2. From the freezing point depression of the unknown/water solution and the molal freezing point depression constant (Kf) for water (1.86 ºC/m), calculate the molality and molar mass of the unknown for each of the additions of solute. Show your calculations.
Show your calculations and clearly indicate the following
Unknown number/letter ______
Molality (m) for first addition of unknown ______
Molar mass of unknown for first addition of unknown ______
Molality (m) for second addition of unknown ______
Molar mass of unknown for second addition of unknown ______
Average molar mass of unknown ______
Post – Lab Questions.
1. A phenomenon called supercooling is frequently encountered in this experiment. supercooling, a solution momentarily drops below its freezing point, and then warms up again, before solidification begins. What event is likely to give rise to supercooling?

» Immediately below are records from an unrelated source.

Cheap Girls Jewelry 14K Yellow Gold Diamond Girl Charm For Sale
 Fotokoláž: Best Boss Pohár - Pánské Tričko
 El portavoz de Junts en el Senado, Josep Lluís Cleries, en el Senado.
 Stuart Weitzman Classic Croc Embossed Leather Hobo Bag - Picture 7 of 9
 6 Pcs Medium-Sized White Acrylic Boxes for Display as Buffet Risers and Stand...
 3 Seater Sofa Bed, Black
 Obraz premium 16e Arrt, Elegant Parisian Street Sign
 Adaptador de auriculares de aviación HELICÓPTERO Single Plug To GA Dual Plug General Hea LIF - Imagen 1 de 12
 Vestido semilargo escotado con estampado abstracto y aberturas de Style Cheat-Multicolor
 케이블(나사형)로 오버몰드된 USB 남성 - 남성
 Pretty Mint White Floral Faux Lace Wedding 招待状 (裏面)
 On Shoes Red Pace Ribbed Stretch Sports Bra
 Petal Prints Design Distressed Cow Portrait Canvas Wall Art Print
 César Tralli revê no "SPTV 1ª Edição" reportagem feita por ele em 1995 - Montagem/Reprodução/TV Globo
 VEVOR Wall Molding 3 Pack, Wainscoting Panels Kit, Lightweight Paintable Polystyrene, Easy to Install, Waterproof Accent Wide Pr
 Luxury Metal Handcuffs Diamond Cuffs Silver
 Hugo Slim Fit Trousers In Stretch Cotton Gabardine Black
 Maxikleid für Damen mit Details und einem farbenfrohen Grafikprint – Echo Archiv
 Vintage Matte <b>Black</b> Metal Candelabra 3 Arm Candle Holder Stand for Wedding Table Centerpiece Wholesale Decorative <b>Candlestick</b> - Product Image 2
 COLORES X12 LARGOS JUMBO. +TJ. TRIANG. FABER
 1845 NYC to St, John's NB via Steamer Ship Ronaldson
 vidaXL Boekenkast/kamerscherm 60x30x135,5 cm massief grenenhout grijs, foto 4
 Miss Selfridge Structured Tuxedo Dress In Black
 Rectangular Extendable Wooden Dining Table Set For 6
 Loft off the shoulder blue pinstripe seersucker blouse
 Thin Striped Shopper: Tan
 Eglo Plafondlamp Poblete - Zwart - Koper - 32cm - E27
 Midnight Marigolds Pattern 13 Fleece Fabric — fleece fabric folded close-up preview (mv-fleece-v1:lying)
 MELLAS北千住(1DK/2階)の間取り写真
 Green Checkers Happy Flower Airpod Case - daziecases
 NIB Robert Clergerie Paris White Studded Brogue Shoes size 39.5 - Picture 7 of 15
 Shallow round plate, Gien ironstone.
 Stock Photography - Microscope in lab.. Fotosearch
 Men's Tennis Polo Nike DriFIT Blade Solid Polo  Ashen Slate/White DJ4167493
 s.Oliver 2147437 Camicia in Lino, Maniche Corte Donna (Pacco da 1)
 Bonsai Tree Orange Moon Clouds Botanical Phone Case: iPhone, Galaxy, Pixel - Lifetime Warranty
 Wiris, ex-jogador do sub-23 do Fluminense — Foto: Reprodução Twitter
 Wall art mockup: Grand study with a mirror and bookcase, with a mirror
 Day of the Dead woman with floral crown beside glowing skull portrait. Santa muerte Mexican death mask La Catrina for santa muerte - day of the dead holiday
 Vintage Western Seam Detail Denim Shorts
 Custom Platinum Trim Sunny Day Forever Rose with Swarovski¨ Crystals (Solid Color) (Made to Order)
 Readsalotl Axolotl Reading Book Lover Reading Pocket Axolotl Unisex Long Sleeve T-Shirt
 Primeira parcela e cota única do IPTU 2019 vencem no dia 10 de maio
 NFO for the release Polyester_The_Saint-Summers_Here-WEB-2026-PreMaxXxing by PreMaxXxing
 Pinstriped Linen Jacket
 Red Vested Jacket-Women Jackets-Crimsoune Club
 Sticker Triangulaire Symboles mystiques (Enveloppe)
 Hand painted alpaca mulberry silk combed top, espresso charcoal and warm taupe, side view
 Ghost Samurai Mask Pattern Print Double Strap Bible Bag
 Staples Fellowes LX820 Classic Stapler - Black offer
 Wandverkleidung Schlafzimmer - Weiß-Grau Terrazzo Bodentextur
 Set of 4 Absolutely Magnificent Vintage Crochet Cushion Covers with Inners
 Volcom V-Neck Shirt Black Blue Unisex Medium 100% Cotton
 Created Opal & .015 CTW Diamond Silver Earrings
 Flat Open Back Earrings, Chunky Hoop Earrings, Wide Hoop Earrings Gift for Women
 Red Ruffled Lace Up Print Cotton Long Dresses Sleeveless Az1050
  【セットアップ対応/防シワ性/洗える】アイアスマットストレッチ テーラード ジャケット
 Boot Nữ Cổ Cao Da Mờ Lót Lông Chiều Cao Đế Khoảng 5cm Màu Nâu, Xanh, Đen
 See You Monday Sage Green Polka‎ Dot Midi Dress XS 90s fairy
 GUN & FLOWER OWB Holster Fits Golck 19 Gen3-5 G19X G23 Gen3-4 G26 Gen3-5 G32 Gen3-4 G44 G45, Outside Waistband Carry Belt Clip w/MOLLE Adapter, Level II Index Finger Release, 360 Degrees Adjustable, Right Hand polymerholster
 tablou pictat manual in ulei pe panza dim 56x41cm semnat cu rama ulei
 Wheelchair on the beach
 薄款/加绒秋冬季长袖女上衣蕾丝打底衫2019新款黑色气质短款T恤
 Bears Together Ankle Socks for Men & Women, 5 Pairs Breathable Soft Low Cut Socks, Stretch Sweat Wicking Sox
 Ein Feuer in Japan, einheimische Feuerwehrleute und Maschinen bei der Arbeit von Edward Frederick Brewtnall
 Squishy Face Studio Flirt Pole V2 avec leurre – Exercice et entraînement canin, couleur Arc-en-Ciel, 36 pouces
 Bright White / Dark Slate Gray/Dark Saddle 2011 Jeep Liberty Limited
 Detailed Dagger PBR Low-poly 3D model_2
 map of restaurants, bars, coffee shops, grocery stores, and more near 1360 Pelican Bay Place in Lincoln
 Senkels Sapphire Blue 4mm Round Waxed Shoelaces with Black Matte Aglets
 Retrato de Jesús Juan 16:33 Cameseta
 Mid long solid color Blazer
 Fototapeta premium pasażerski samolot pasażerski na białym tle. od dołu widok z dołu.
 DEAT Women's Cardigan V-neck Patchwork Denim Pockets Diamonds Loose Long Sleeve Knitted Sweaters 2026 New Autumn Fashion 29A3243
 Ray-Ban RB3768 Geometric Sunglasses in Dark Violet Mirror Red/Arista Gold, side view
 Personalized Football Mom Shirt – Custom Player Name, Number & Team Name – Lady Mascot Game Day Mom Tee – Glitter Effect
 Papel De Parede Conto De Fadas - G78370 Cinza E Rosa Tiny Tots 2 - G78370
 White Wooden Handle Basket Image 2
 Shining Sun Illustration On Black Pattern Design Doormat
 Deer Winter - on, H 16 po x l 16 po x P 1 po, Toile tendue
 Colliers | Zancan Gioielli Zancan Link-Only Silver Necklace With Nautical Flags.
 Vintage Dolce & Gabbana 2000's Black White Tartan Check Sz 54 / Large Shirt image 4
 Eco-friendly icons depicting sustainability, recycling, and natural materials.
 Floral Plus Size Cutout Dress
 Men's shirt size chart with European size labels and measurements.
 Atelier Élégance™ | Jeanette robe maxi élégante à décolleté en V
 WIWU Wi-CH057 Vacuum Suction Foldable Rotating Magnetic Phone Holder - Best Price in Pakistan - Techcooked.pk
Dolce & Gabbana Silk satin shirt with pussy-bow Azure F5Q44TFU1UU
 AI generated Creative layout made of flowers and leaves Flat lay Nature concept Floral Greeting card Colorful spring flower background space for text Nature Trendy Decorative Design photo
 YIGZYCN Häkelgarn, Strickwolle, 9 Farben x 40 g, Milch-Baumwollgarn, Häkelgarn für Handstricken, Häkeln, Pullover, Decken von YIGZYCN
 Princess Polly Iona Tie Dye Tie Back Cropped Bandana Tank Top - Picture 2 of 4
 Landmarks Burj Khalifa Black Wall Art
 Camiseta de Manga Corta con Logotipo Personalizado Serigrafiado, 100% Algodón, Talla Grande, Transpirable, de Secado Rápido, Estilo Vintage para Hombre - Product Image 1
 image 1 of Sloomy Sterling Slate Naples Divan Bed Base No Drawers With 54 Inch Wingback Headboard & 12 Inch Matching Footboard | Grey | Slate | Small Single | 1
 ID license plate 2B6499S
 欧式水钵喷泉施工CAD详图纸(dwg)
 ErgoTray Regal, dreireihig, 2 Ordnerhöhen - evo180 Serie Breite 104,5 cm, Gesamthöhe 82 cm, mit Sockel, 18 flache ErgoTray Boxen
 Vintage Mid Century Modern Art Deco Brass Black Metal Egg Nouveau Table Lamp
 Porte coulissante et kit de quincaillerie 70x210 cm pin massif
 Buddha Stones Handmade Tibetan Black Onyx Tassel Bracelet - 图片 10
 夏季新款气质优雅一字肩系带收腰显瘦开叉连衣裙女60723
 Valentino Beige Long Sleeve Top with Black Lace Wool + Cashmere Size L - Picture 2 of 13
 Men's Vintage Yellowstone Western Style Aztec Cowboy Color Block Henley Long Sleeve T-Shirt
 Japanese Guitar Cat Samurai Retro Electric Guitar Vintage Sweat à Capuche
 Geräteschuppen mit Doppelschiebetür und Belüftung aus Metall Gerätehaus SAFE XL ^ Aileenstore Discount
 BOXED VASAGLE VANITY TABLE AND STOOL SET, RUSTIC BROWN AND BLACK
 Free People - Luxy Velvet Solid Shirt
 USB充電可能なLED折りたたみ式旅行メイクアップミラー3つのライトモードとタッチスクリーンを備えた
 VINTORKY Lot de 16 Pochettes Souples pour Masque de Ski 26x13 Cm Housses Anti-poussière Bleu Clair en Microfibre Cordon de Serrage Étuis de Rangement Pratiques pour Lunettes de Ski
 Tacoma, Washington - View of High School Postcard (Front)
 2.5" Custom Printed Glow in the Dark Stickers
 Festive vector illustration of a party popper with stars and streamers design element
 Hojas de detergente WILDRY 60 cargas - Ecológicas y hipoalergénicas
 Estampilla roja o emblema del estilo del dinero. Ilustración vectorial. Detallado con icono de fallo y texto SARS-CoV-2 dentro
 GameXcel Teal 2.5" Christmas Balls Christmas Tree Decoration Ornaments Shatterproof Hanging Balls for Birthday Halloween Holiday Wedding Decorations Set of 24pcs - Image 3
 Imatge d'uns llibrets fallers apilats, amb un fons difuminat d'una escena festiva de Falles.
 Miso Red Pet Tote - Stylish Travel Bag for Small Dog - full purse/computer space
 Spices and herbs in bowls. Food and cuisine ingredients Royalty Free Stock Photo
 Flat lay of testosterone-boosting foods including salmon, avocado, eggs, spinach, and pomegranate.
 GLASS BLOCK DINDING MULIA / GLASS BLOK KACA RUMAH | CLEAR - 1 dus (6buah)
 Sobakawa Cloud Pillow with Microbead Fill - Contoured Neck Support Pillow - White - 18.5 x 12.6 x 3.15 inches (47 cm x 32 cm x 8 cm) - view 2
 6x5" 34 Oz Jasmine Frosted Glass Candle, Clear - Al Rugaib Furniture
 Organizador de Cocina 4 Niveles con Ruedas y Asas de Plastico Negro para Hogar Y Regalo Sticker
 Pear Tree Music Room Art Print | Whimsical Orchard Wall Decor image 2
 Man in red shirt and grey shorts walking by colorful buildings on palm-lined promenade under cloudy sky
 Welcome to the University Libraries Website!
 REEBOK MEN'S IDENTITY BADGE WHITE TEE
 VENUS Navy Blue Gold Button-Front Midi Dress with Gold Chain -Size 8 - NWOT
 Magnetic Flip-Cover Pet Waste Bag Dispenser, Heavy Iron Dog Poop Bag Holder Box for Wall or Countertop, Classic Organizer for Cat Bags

2. The molal freezing point constant, Kf , is a property of the solvent, not the solute. What does this say about the fact that freezing point depends on the amount of solute, rather than on the solute’s nature?
3. A phenomenon that happens sometimes during freezing point depression experiments is that the solute is affected in some manner by the solvent. One common occurrence is for a solute to dimerize, that is, two solute molecules combine to produce a single double molecule (a dimer). What effect would there be on a molar mass determination if the solute were to dimerize?